Government by Executive Order
There is an important story about possible new initiatives aimed at employers running in the Wall Street Journal today. If you haven’t seen the story titled Government by Executive Order, you can read it in its entirety here . Registration may be required. If you prefer the Cliff’s notes version, here are some of the highlights about how DOL is greaing up to “push the country to a better place” by using Executive Order from the White House and enforcement action to alter the rules on how business in America operates.
More Stringent Rules for Business
On Sept. 22, Labor’s Office of the Solicitor—which employs 400 attorneys to enforce the nation’s labor laws—issued a draft “operating plan” to dramatically increase pressure on employers. A source inside the department says the plan has been adopted.
Patricia Smith, who heads the solicitor’s office, told me in an interview yesterday that the plan is a “living document” that will “never be finalized.”
Whatever its status, it includes the following items as possibilities:
- Identify a public affairs liaison in each Regional Office” to “send stronger, clearer messages to the regulated community about DOL’s emphasis on litigation.
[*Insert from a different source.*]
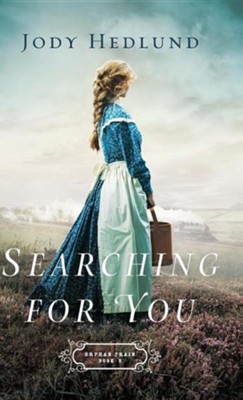 Cover of Searching for You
- Occupational Safety and Health Administration (OSHA) division will be to “deter [employers] through shaming.” Ms. Smith told me she didn’t know what that means. But whatever it might involve, it doesn’t sound appropriate for an agency charged with carrying out the law in an even-handed fashion.
- Engage in enterprise-wide enforcement, including targeting multiple work sites of the same company, visits by multiple agencies on the same day such as the Wage and Hour Division and from OSHA, and shorter deadlines for implementing remedial measures in conciliation agreements and consent decrees.
- Greater use of injunctive relief, which means using court injunctions rather than fines to enforce compliance.
- Identify and pursue test cases that stretch current laws.
While the Department of Labor prepares for a hyper-aggressive enforcement strategy against business, it has rolled back Bush-era reforms mandating greater union transparency. Just this week the department rescinded its Form T-1, which required unions to report on strike funds and other accounts under union control.
None of this bodes well for employers in the United States. As always, if you are an HR practitioner, I urge you to stay aware of these developing actions, and prepare your company ahead of time so that you can be in the best possible situation if you should be subject to more stringent enforcement.